Silverstone enjoyed unusually warm/sunny weather back in June and the change to individual Register and Area marquees rather than one big Club one was welcomed by some and not by others; a fifty-fifty split I think. Unfortunately, attendances in all the older MG fraternities continues to fall – and the traders for those models don’t attend either – and what happened to the Autojumble this year? However, the Triple M Register marquee was pretty busy throughout the weekend and D0464 was on display the whole time and attracted some interest. Seen here at the back of the marquee, excuse the K3 in the foreground!

Amongst the few D owners I met were Mike Goodwin all the way from Florida who owns the oldest surviving D – D0252. Good to meet up at last, he had been threatening to come for years!

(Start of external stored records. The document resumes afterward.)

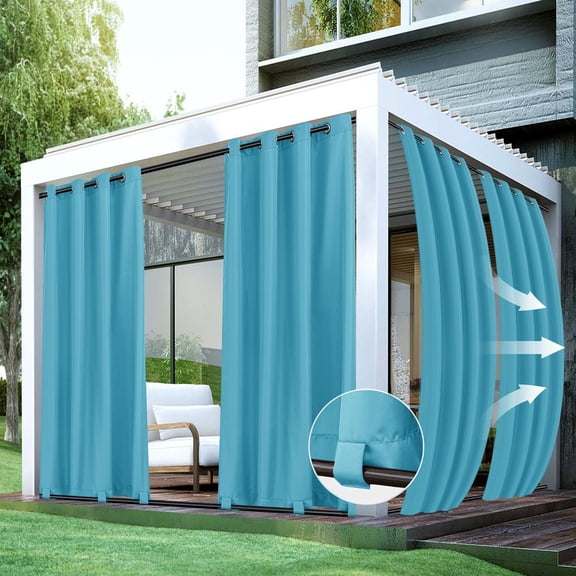 Patio Curtains Outdoor Waterproof 4 Panels 54x84 Inch-Windproof Weatherproof Privacy Teal Outside Curtains-Grommet Top and Tab Bottom Drape for Gazebo, Porch, Pergola, Cabana, Backyard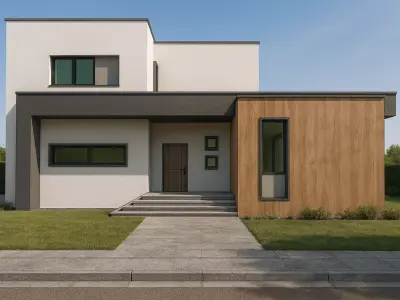 3D MODEL Modern Two-Story House with Upper Annex Low-poly 3D model
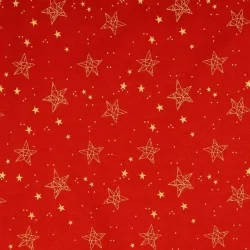 Fabric Gold stars red background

Yet another sunny weekend was enjoyed at PreWar Prescott in July an ideal venue on a summer’s day and a real garden party atmosphere. We didn’t have our usual spot in the paddock with our smaller marquee but had the larger one and shared it with the family autojumble so I was suitably chastised by those who spent time looking for us! Some 5 or 6 D owners attended but apart from Gerry Annetts and me they were all in other cars!

The event is organised by Ian Grace under the auspices of the Vintage Minor Register and next year’s date has already been fixed: see the PreWar Prescott website for details!

We were well represented in the Triple M Register Border Reivers Raid 2 early this year. Our picture shows Mike and Jean Jakeman in D0427 being flagged away with an appropriate flag on day 1! Unfortunately. this was received just too late for our June edition.

Always pleased to see old black and white pictures and Mike Dalby (M Type fame) kindly sent me this picture of a cutting showing a D Type in 1946.

It is during the Plymouth Motor Club’s ‘200’ that year climbing Simms Hill in that area. Sadly, we can’t quite make out the registration number to identify the car, but investigations continue; but if anyone has any information we would be pleased to hear from you.

Always on the look-out for D items I found this post card on ebay in Germany of all places.

This is of course D0298, famous for the jig saw (see Dispatch 34), and other items. I contacted Bob Holmes who owned the car then and he hadn’t seen a postcard before but remembered the location as a house in Abridge in Essex taken in 1972.

I shall pass the card on to the current owner!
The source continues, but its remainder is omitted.